同じ条件で、同時に作業したコントロール( N サンプル)と V サンプルの結果を併せて示すことで,V のメンブレン上で 確かに Vasa タンパク質を
検出したと強く言えるわけです。

 簡単に言うと,V サンプルで見えたバンドから N サンプルで見えたバンドを差し引きして残ったバンドが,抗 Vasa 抗体がちゃんと
Vasa タンパク質に結合したことによって可視化された可能性が高いバンドと考えるわけです。

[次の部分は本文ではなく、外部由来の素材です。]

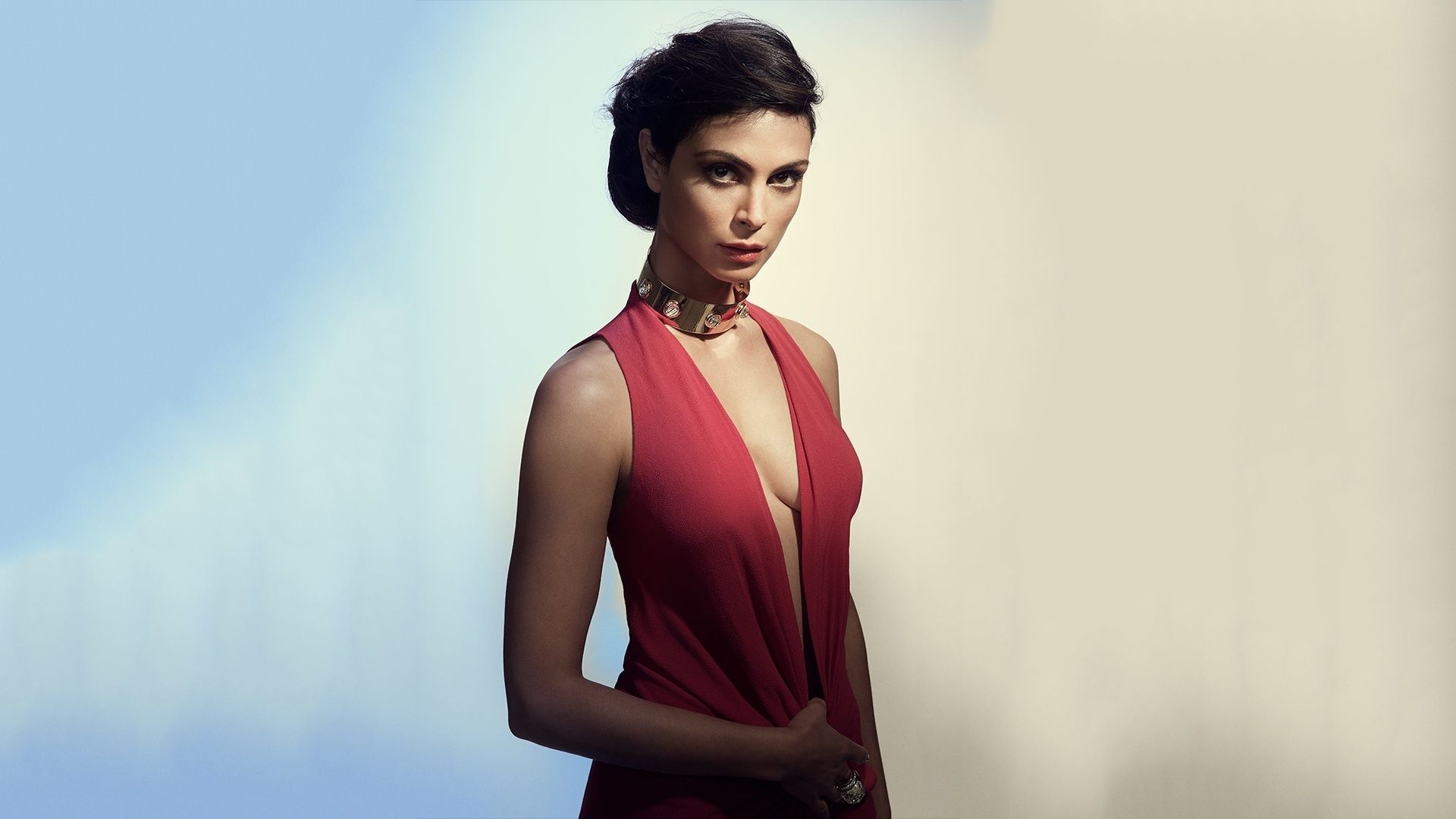 Attrice mora abito rosso, 1920x1080 Full HD, Laptop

 V でも本命のバンドの下に,はしごの様に何本かのバンドが見えてきました。 なんででしょう?? 

 
 皆さんのレポートには,実験結果として見えた通りの結果を記述して下さい
決して,「1本だけバンドが見えた」なんて嘘をついては駄目です。なぜ,複数のバンドがでたのか?はここでは,おいておきましょう。 
なぜなら,ウェスタンブロットに関する下の「課題」を考えることで,答えがいくつか見つかってくるように思うからです。課題に取り組んだ後,
もう一度自分たちの結果を見直してみてさい。


●課題●(問題は 1 つ)

@ 皆さんが実験に使った「抗ホヤVasaタンパク質モノクローナル抗体」は,細胞分子工学研究室と高知大動物実験施設(岡豊キャンパス)で
 作製されたもので,実際に研究で使われています。2008年,学術論文のなかでをこの抗 Vasa 抗体ができたことを報告しました。論文では,
 下のようなウエスタンブロットの結果を載せました。 論文の実験では大腸菌ではなくミダレキクイタボヤからタンパク質を抽出し,Vasa
 タンパク質を検出しました。ミダレキクイタボヤの Vasa タンパク質については Vasa 遺伝子の塩基配列をもとにアミノ酸配列が分かっており,
 そこからタンパク質の分子量を予測することができます。予測された分子量は 74 kDa だったので,作製した抗体は,きちんとミダレキクイタボヤの
 生体に存在する Vasa タンパク質に結合する(写真の矢尻のところのバンド)と報告しました。

 ところが!
,論文の審査員から 「42 kDa くらいにバンド(*印)が見える!これが何なのかちゃんと説明しなさい」という指示が来ました。
 ということで,課題は,この 42kDa くらいにバンドがでた理由を考えて下さい。

 ←論文に載せた写真

★注意点
 この課題には,決まった1つの答えがあるわけではありません。それぞれ結果の写真にたどり着くまでの実験過程,
(タンパク質の精製方法や抗体が出来る仕組み,モノクローナル抗体の作り方,ウェスタンブロッティング etc..)を考えて,
どこでどんなことがおこった結果,そこに(42 kDa の)バンドがでたのか?ありとあらゆる可能性を考えてみてください。
重要なのは,きちんと論理が通っていることです。また,「何かの手違いがあった とか 実験が下手くそだから」というような
一言で済ますのもだめです。よーーーく 考えて,書いてください。

 疑問がある人は遠慮なく砂長まで相談してください。無論,答えは教えませんけどね。
 再度,書きますが,答えが1つ決まっているわけではありません。